=== WORK TASK ===
Print the lines below from the line with "Wir haben 12" to the line with "Les chiots de Berger Américain Miniature" exactly, keeping both ends, and print no pictures.

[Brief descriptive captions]
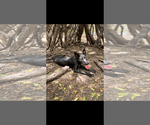 Small #7 Shepradors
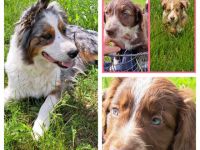 Wir haben 12 wunderschöne Welpen, die ein liebevolles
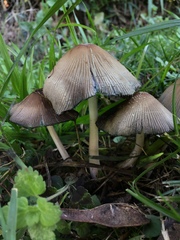 Psathyrellaceae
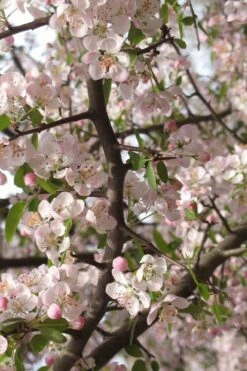 Southern Crabapple (Malus Angustifolia) - 1 Gallon Pot -Garden Supplies Sales 2024 malus angustifolia southern crabapple tree flowers 4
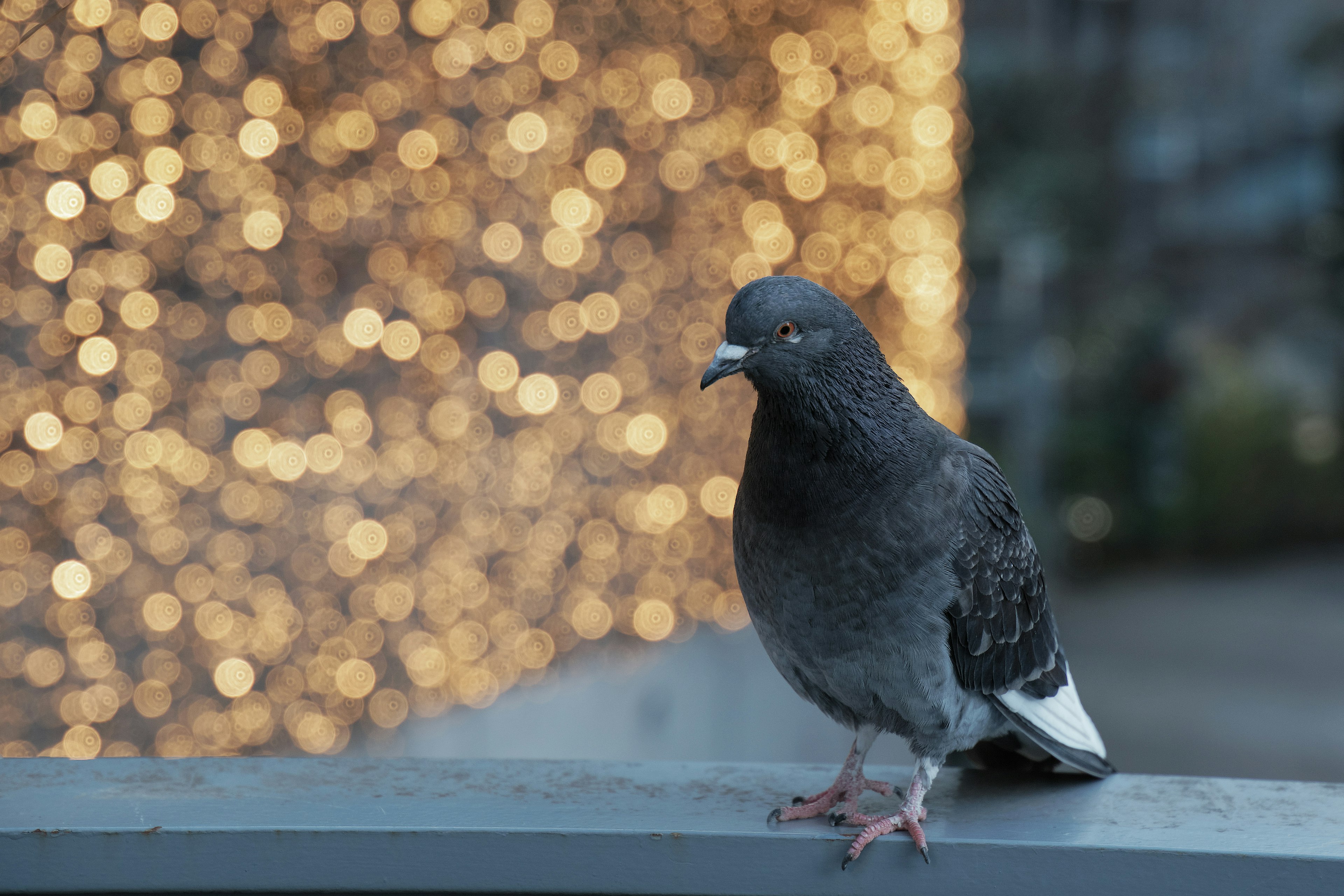 Pigeon gris perché sur une bordure avec des lumières dorées floues en arrière-plan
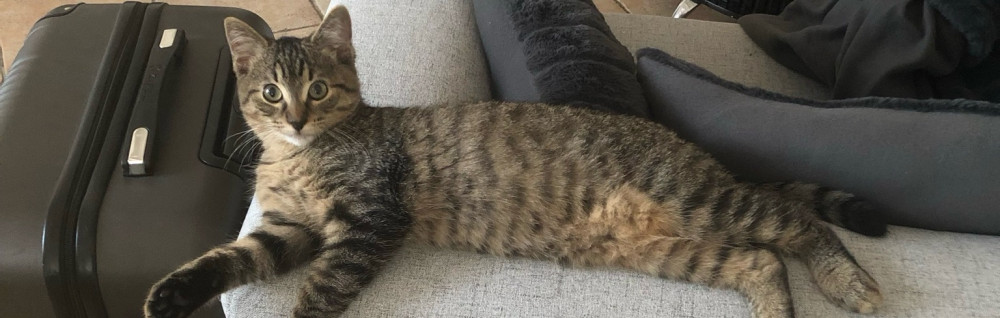 Helene S. (Pet sitter)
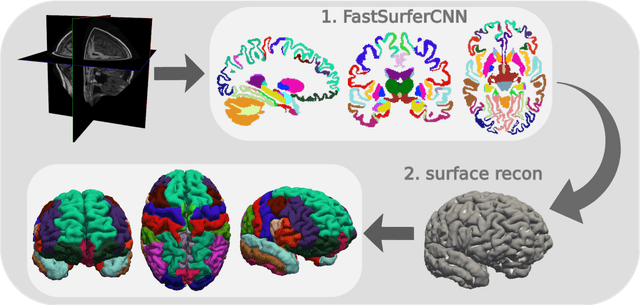 Figure 1 for FastSurfer -- A fast and accurate deep learning based neuroimaging pipeline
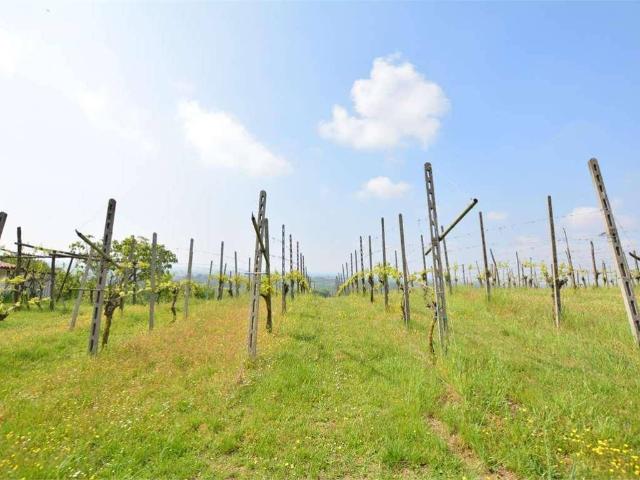 Terreno in vendita a San Colombano Al Lambro, Lombardia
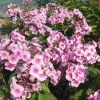 Phlox Sweet Summer Festival Compact Rose Dark Live Plant – 3-6 Inch Tall Plug – Pink Summer Flowering Garden Perennial - Image 1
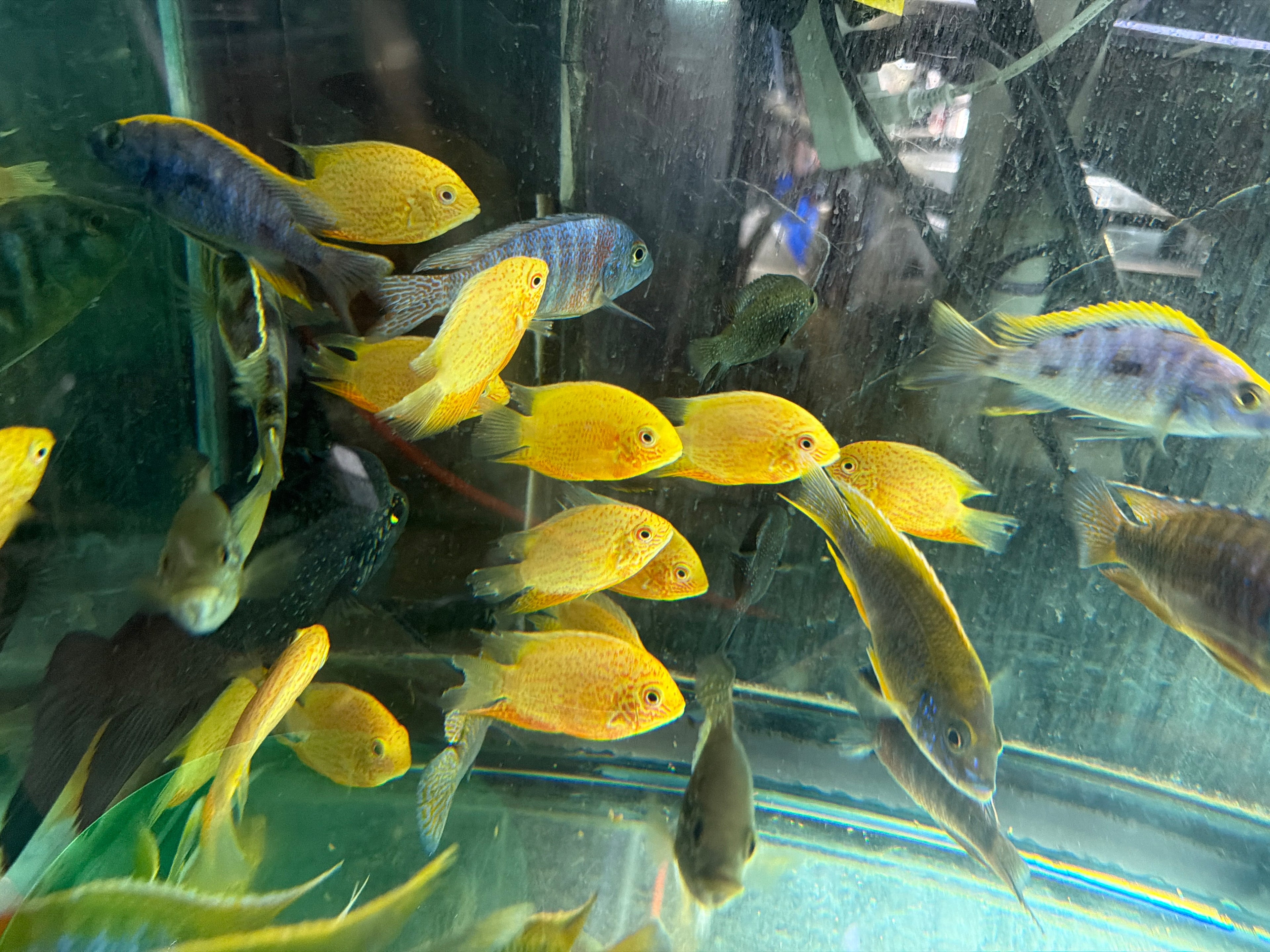 Red Spot Gold Severum (Heros cf. efasciatus)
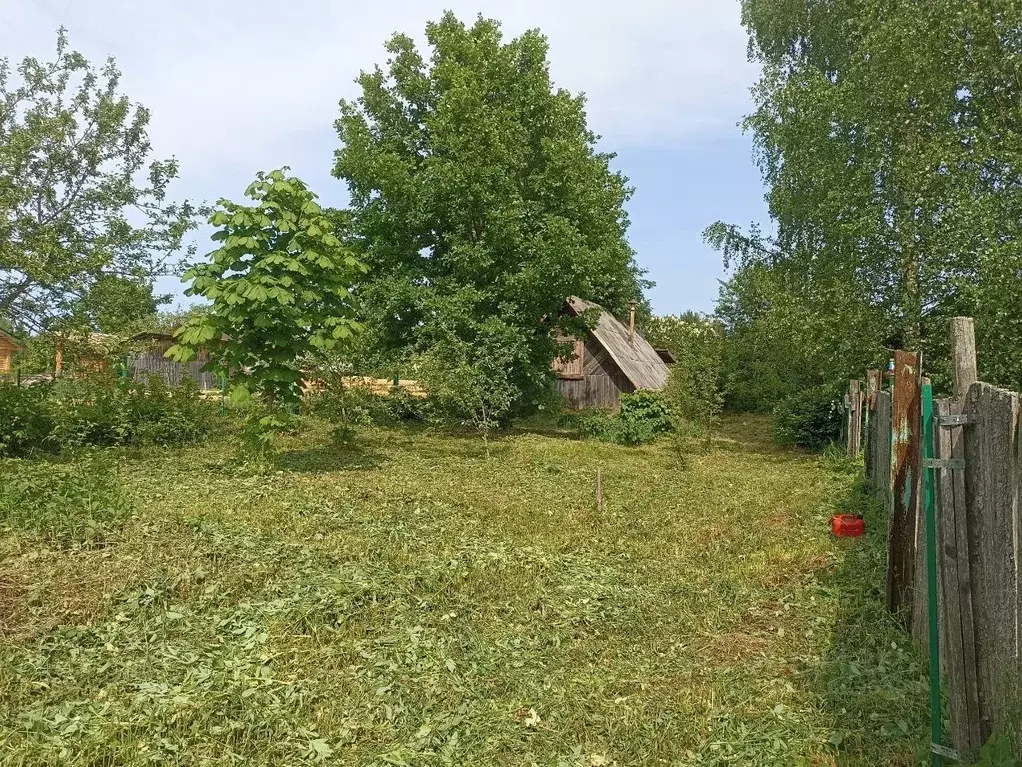 Участок в Тверская область, Вышневолоцкий муниципальный округ, д. ... - Фото 0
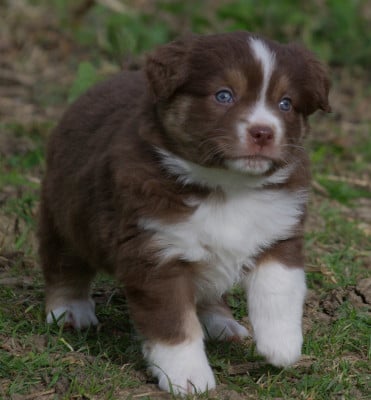 Les chiots de Berger Américain Miniature 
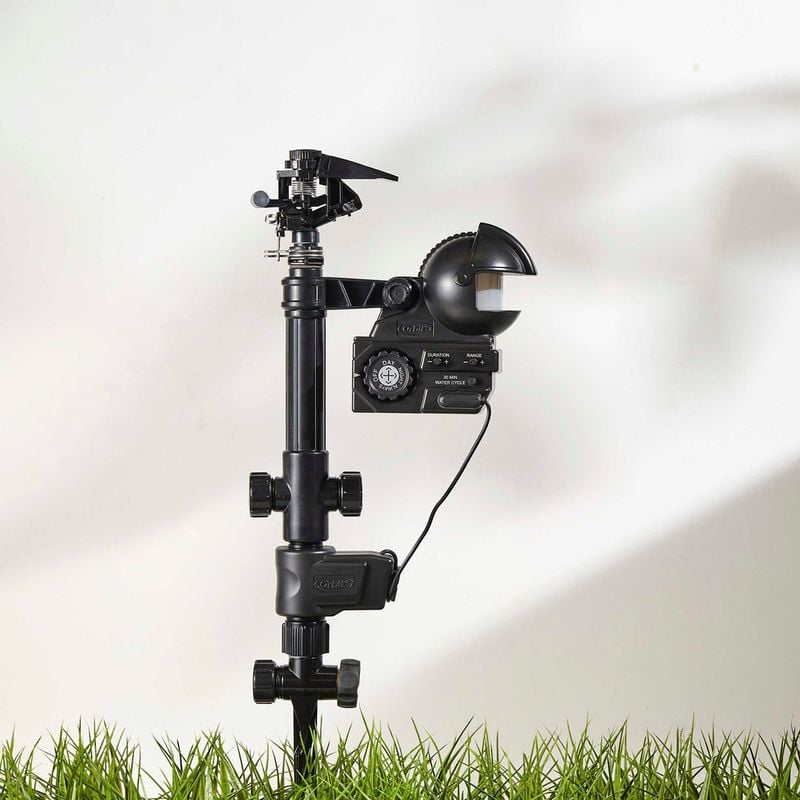 Use Motion-Activated Lights or Sprinklers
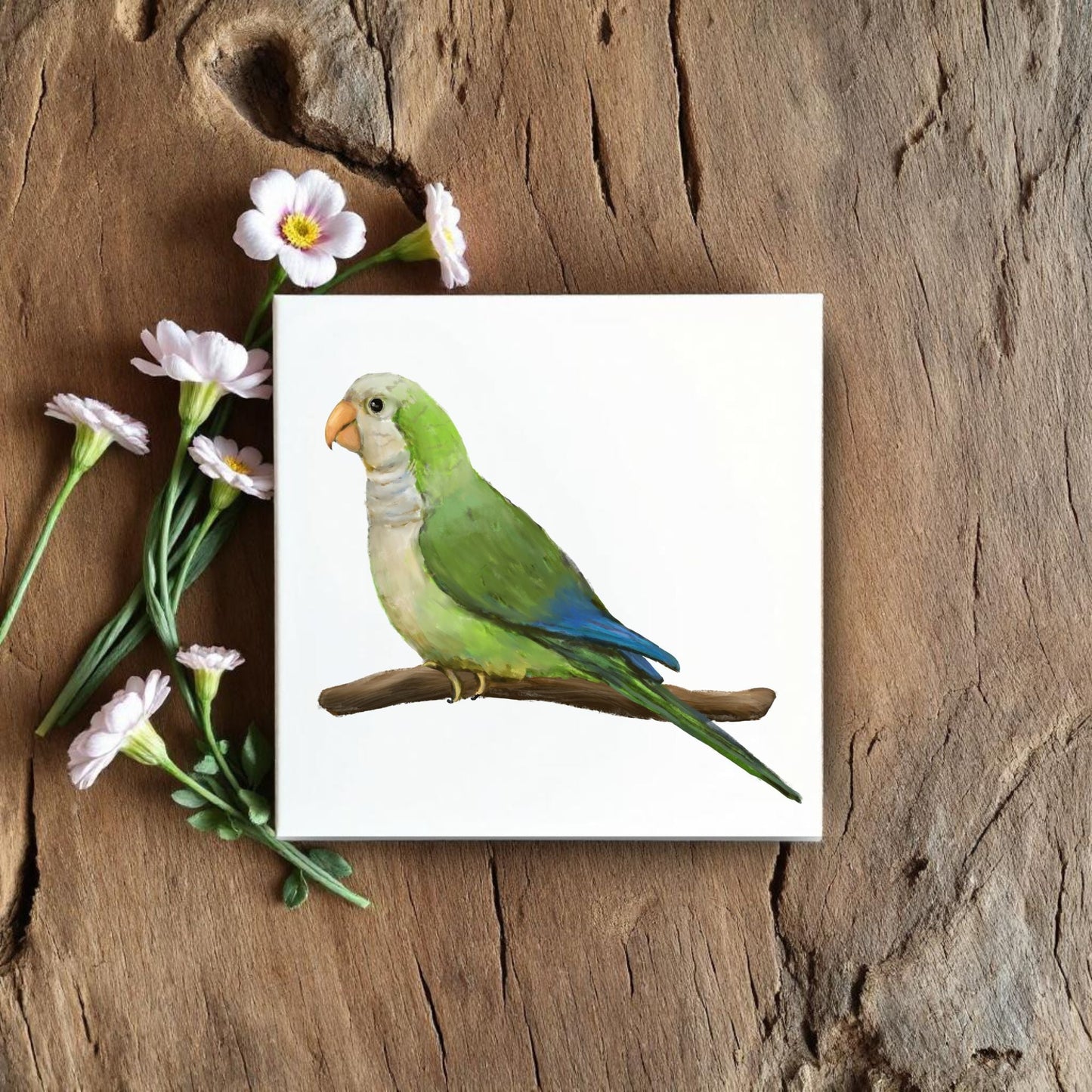 Quaker Parrot Ceramic Tile – Handcrafted Bird Lover Artwork - MerikaArt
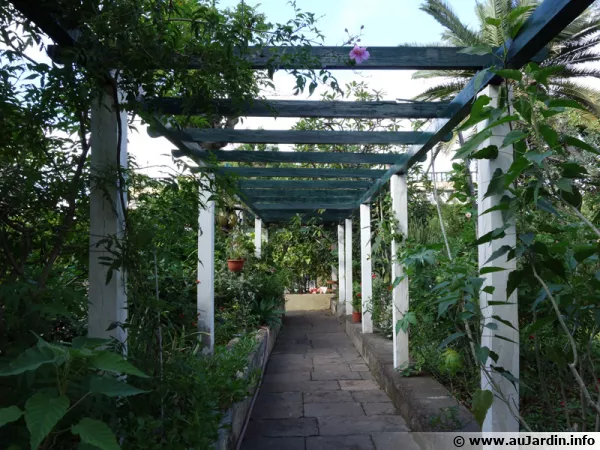Une pergola pour habiller une allée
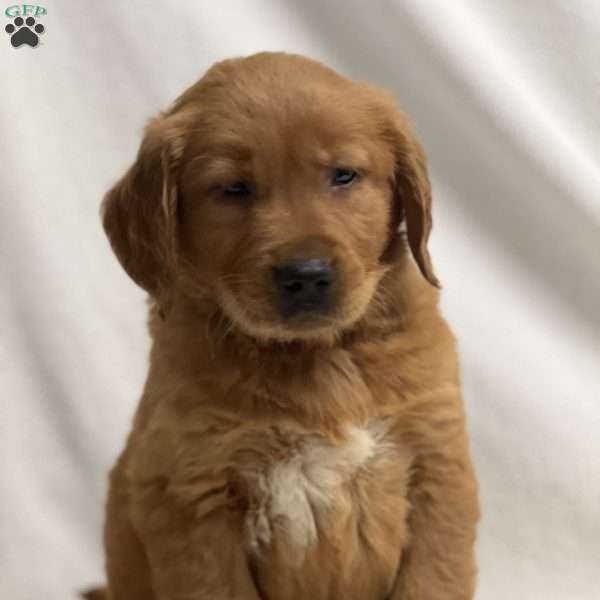 Jol, Golden Retriever Puppy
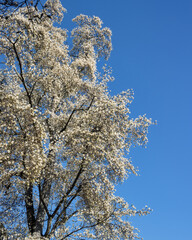 White Magnolia blooming in front of a blue sky 
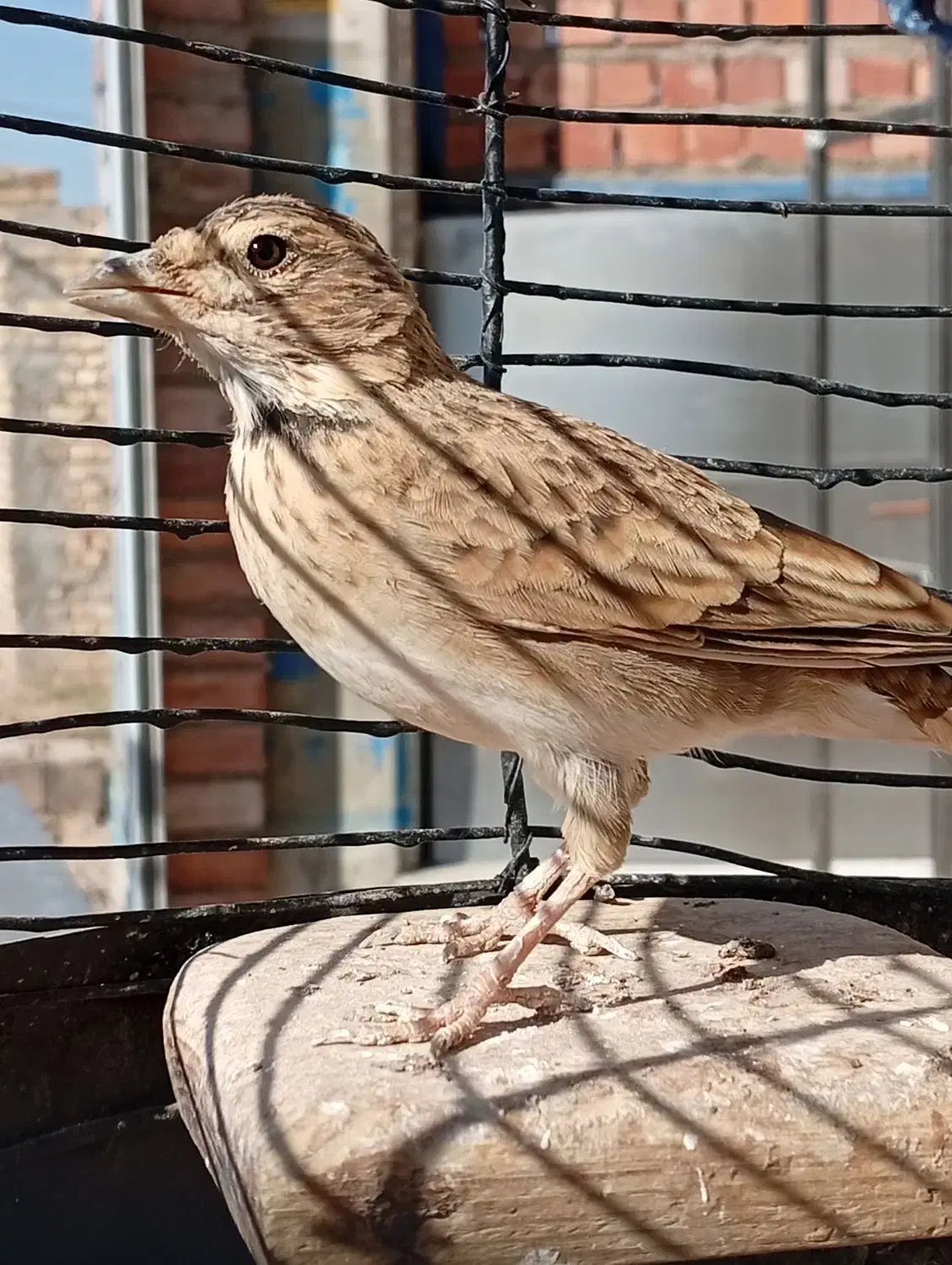 سهره|پرنده|کرمان, |دیوار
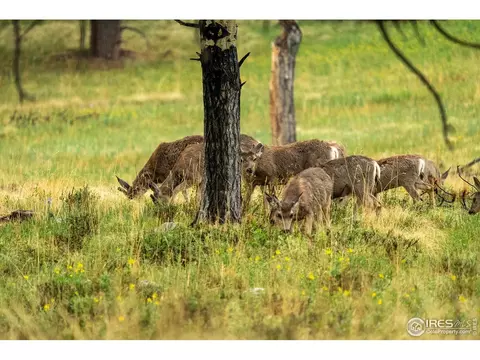 3500 County Road 12, Jansen, CO 81082 photo 3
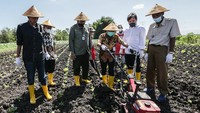 Program ini dijalankan melalui perusahaan pemasok tembakau guna meningkatkan kualitas tembakau dan kesejahteraan para petaninya.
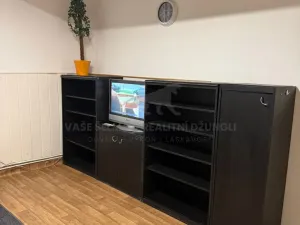 Pronájem atypického bytu, Praha - Košíře, Vrchlického, 20 m2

=== OUTPUT OF THE TASK ===
 Wir haben 12 wunderschöne Welpen, die ein liebevolles
 Psathyrellaceae
 Southern Crabapple (Malus Angustifolia) - 1 Gallon Pot -Garden Supplies Sales 2024 malus angustifolia southern crabapple tree flowers 4
 Pigeon gris perché sur une bordure avec des lumières dorées floues en arrière-plan
 Helene S. (Pet sitter)
 Figure 1 for FastSurfer -- A fast and accurate deep learning based neuroimaging pipeline
 Terreno in vendita a San Colombano Al Lambro, Lombardia
 Phlox Sweet Summer Festival Compact Rose Dark Live Plant – 3-6 Inch Tall Plug – Pink Summer Flowering Garden Perennial - Image 1
 Red Spot Gold Severum (Heros cf. efasciatus)
 Участок в Тверская область, Вышневолоцкий муниципальный округ, д. ... - Фото 0
 Les chiots de Berger Américain Miniature 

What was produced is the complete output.